++++ Material for this exercise ++++

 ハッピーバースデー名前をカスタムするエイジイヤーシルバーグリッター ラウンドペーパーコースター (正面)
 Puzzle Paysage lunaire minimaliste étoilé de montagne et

++++
++++ Material for this exercise ++++

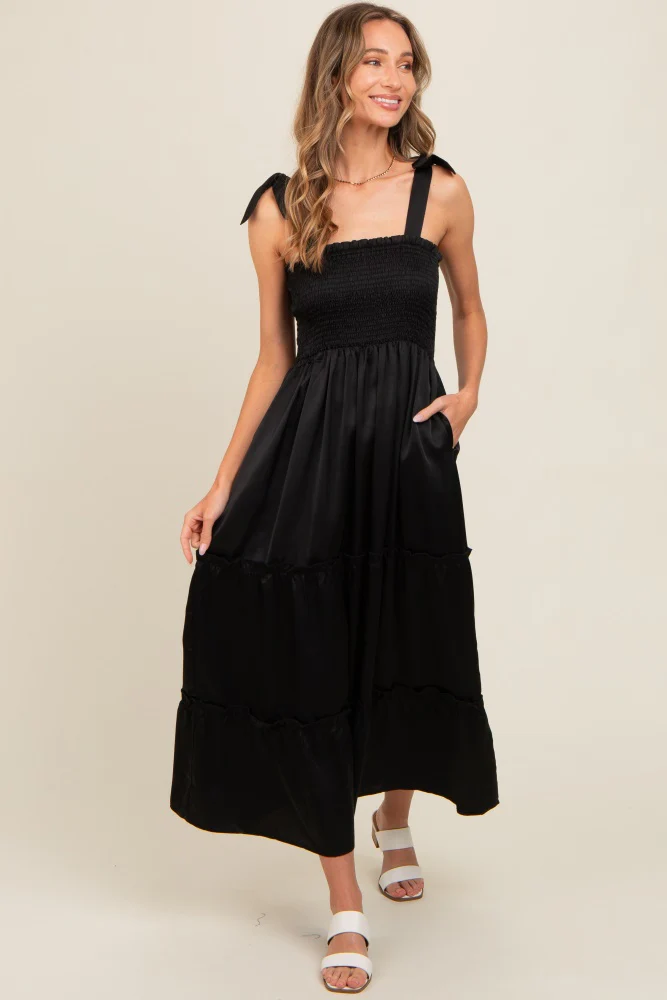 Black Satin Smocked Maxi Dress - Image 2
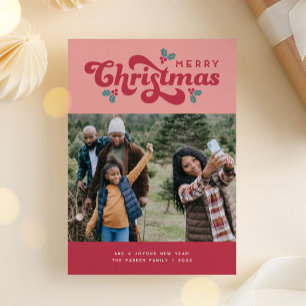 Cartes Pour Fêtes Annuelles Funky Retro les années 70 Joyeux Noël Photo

++++

Exercise description:
Among the entries above, locate the lines containing "ハッピーバースデー名前をカスタムするエイジイヤーシルバーグリッター ラウンドペーパーコースター (正面)" and "Puzzle Paysage lunaire", and transcribe exactly those two lines and all lines between.

Solution below:
 ハッピーバースデー名前をカスタムするエイジイヤーシルバーグリッター ラウンドペーパーコースター (正面)
 Puzzle Paysage lunaire minimaliste étoilé de montagne et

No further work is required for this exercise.